Objection N°2. Saint Grégoire dit (Mor., liv. 1, chap. 15) : La piété donne un festin dans son jour,
parce qu’elle remplit les entrailles du cœur d’œuvres de miséricorde. Or, on
doit faire des œuvres de miséricorde envers tout le monde comme le dit saint
Augustin (De doct. christ., liv. 1, chap. 30). La piété ne
s’étend donc pas d’une manière déterminée à quelques personnes spéciales.
Réponse à l’objection N°2 : Comme le dit saint Augustin (De civ. Dei, liv. 10, chap. 1), le mot
de piété est vulgairement employé pour désigner les œuvres de miséricorde. Je
crois qu’il en est ainsi, parce que Dieu ordonne surtout de faire ces œuvres
qui lui plaisent plus, d’après son propre témoignage, que les sacrifices ; et
cette coutume a été cause qu’on donne à Dieu lui-même
le nom de pieux.
Objection N°3. Dans le monde il y a beaucoup d’autres liens que
ceux de la famille et de la patrie, comme on le voit par Aristote (Eth., liv. 8, chap. 11 et 12), et sur
chacun de ces liens repose une amitié qui paraît être la vertu de la piété,
comme le dit la glose (interl.) à l’occasion de ces paroles de saint
Paul (2 Tim., chap. 3) : Habentes quidem speciem pietatis. La piété ne
s’étend donc pas seulement aux parents et aux concitoyens.

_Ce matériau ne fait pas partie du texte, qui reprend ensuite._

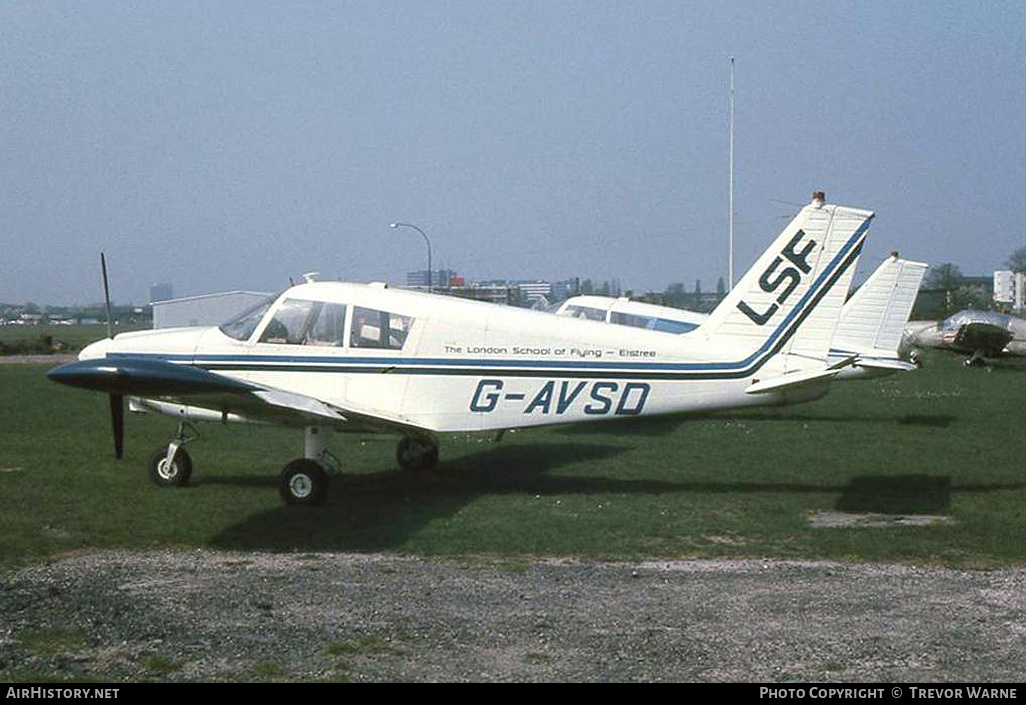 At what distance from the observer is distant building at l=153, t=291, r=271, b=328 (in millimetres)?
40031

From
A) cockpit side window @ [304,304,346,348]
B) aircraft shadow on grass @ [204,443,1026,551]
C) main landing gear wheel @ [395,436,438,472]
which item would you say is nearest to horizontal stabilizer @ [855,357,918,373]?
aircraft shadow on grass @ [204,443,1026,551]

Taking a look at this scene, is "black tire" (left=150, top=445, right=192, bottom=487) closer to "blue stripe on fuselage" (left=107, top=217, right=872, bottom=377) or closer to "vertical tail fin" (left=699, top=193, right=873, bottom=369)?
"blue stripe on fuselage" (left=107, top=217, right=872, bottom=377)

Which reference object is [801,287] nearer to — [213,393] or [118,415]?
[213,393]

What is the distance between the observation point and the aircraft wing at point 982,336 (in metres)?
37.4

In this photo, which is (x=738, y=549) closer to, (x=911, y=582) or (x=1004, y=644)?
(x=911, y=582)

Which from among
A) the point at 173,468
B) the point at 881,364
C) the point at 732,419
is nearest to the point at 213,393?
the point at 173,468

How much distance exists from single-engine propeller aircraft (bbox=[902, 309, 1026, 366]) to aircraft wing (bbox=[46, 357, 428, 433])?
3069 cm

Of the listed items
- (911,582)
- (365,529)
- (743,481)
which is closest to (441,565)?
(365,529)

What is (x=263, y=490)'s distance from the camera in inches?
466

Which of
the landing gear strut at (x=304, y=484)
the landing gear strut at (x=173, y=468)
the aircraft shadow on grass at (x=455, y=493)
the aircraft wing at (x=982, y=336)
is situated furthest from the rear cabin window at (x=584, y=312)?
the aircraft wing at (x=982, y=336)

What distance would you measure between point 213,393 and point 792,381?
5528 mm

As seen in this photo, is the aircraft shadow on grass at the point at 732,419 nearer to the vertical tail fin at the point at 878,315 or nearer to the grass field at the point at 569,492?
the grass field at the point at 569,492

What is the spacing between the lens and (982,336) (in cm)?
3750

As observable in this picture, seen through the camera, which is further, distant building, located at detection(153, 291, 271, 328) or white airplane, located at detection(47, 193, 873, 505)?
distant building, located at detection(153, 291, 271, 328) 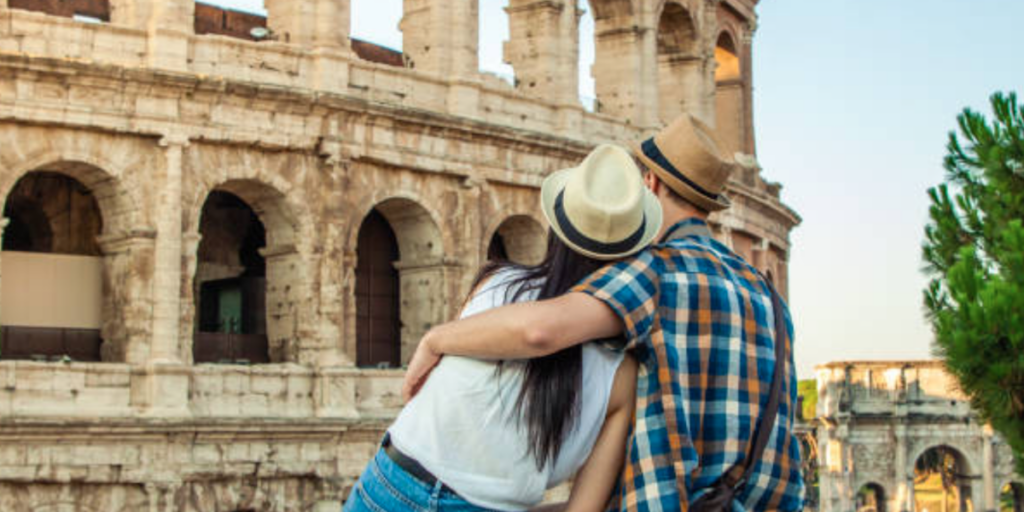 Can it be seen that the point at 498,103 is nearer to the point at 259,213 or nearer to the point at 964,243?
the point at 259,213

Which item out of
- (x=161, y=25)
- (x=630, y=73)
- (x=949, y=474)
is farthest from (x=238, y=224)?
(x=949, y=474)

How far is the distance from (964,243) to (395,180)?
906 centimetres

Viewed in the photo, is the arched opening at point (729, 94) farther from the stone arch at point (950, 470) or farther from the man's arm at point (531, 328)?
the man's arm at point (531, 328)

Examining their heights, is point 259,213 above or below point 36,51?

Réponse à l’objection N°3 : Nos relations avec nos parents et
nos concitoyens se rapportent plus aux principes de notre existence que toutes
les autres ; c’est pourquoi le nom de piété s’étend à elles plus
particulièrement.
Mais c’est le contraire. Cicéron dit (De invent., liv. 2) : que la piété est
une vertu par laquelle nous rendons un culte et des devoirs à ceux qui nous
sont unis par le sang et aux bienfaiteurs de notre patrie (Saint Augustin
adopte cette définition de Cicéron (Quæst.,
lib. 83, quæst. 3).).
Conclusion La piété s’étend à des personnes déterminées qui sont
des parents ou des compatriotes.
Il faut répondre que l’homme est débiteur envers les autres de
différentes manières, selon la diversité de leur prééminence et selon les
divers bienfaits qu’il en a reçus. Sous ces deux rapports Dieu tient le premier
rang ; il est l’être souverain, et le premier principe de notre existence et de
notre gouvernement. Mais secondairement les principes qui nous ont donné l’être
et qui nous gouvernent, ce sont nos parents et le pays où nous sommes nés et où
nous avons été élevés. C’est pourquoi après Dieu, l’homme est surtout redevable
envers ses parents et sa patrie. Par conséquent, comme il appartient à la
religion de rendre à Dieu un culte, de même il appartient à la piété de rendre
secondairement un culte aux parents et à la patrie (Après Dieu, c’est à nos
parents et à notre patrie que nous sommes le plus redevables.). — Dans le culte
des parents se trouve compris le culte de tous ceux qui sont du même sang,
parce qu’on ne leur donne le titre de consanguins
que parce qu’ils sont sortis des mêmes parents, selon l’observation d’Aristote
(Eth., liv. 8, chap. 12). Dans le culte de
la patrie on renferme le culte de tous les concitoyens et de tous les amis du
pays. C’est à cela que la piété s’étend principalement.
Article 2 : La
piété fournit-elle aux parents ce qui est nécessaire à leur entretien ?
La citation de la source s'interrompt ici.